Among the entries below, one line contains "A bold floor, even" and another contains "Постройте графики функций". Transcribe those two lines and every line between them, exactly.

» **SOURCE MATERIAL**
------------------------

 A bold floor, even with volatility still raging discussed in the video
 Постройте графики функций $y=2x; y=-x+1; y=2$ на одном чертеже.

------------------------

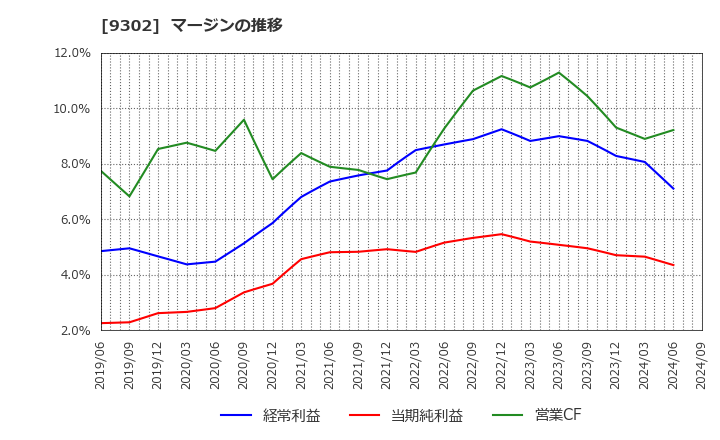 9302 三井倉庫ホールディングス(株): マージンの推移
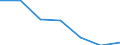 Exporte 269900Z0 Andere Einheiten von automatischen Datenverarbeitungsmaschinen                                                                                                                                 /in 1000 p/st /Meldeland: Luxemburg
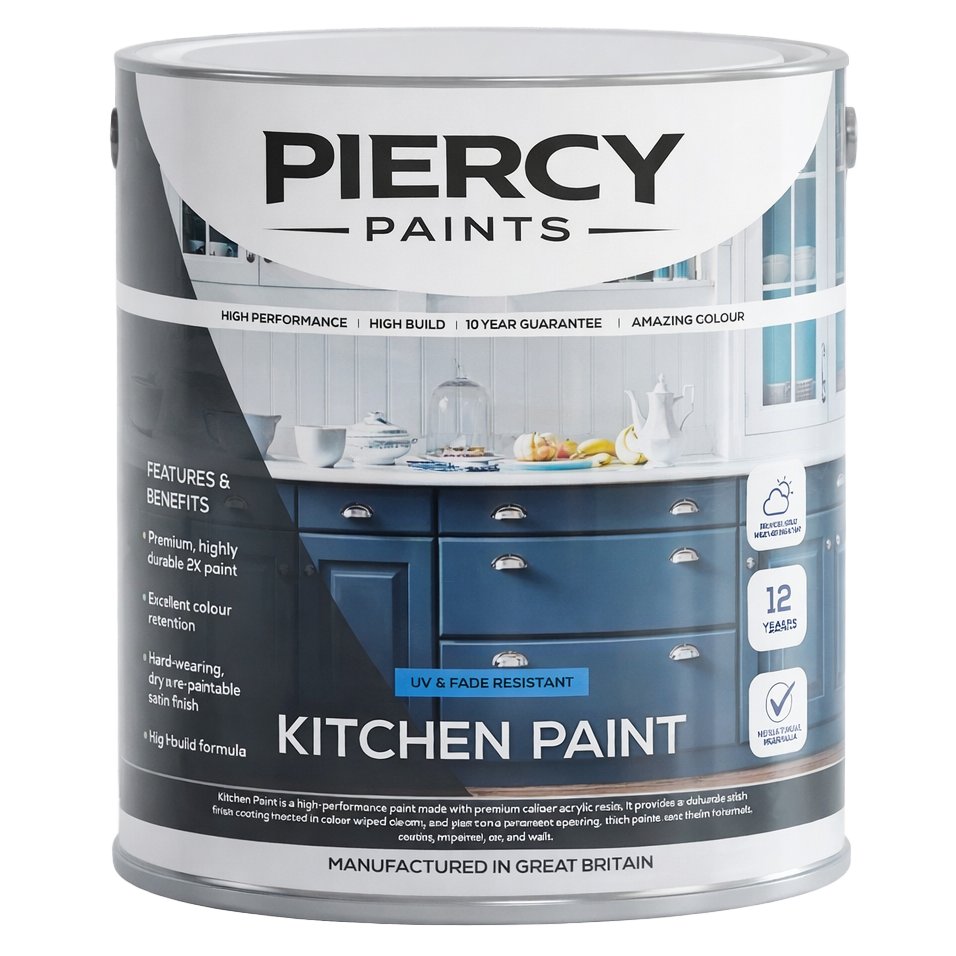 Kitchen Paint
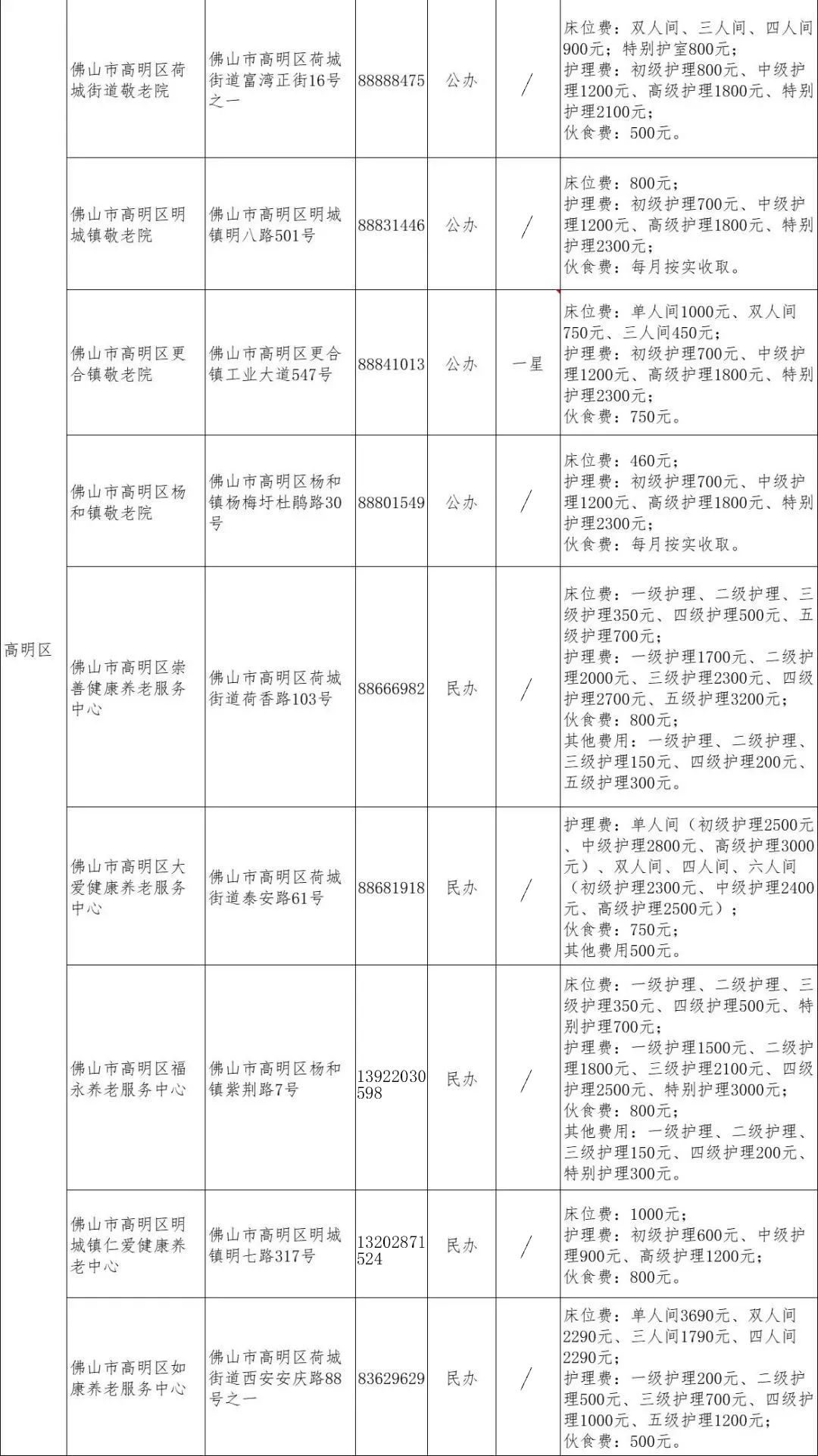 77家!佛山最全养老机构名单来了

------------------------

» **ANSWER FOR THIS EXERCISE**
 A bold floor, even with volatility still raging discussed in the video
 Постройте графики функций $y=2x; y=-x+1; y=2$ на одном чертеже.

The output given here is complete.